Okay, good. Did you read Michael David’s post? The one about how drunks and addicts all take their own road to sobriety if they want sobriety? He describes these individuals as unique. In your most recent post you describe the AVERAGE drinking person. A true alcoholic or a real addict is anything but AVERAGE. We don’t count drinks, we don’t nurse drinks, we don’t share blow, we protect our stash because it is more important than money, food, sex or love. An alcoholic has no concept of the “guidelines” to which you refer: there are no guidelines. In my case, I got up at 6:30 a.m. to the sound of my husband dropping ice into a lowball glass. I got myself a tumbler and filled it halfway (that was the optimist part of me), and we would sit in the living room all morning drinking scotch and watching MAS*H on t.v. Sometimes we’d be there all day long, until it was time to go out to -]eat/-] drink. Then we would go home, sleep for 2 hours, and go to the bar. Day in and day out, until I had to go on the road for 3 or 4 weeks to make a living. I’d come home and we’d do the same thing again until I had to go back out again. And I made a living singing - sometimes in very nice places, like the Kennedy Center or the Governor’s Mansion in Austin, Texas.

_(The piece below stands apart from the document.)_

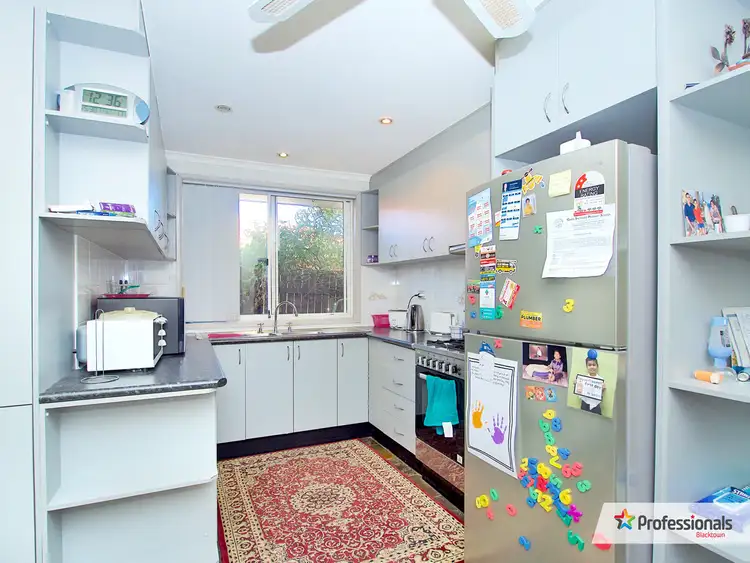 Third view of Homely house listing, 7 Edwina Place, Plumpton NSW 2761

But mostly I was in night clubs and bars and honky tonks. There were no guidelines in any of those places, and even if there were, they were bashed just on principle.

An angry person can drink to excess. But an alcoholic can and does drink for any reason - the sun came up, I didn’t get a bill in the mail, my mother-in-law is not coming for a visit, my brother had a car wreck, I just lost a baby, it’s a full moon, I got a bonus check from my boss . . . it doesn’t matter what the occasion, it’s either a celebration or a wake. And it’s 24/7. And it can’t be stopped from outside. And most times it can’t be stopped with any longevity from the inside.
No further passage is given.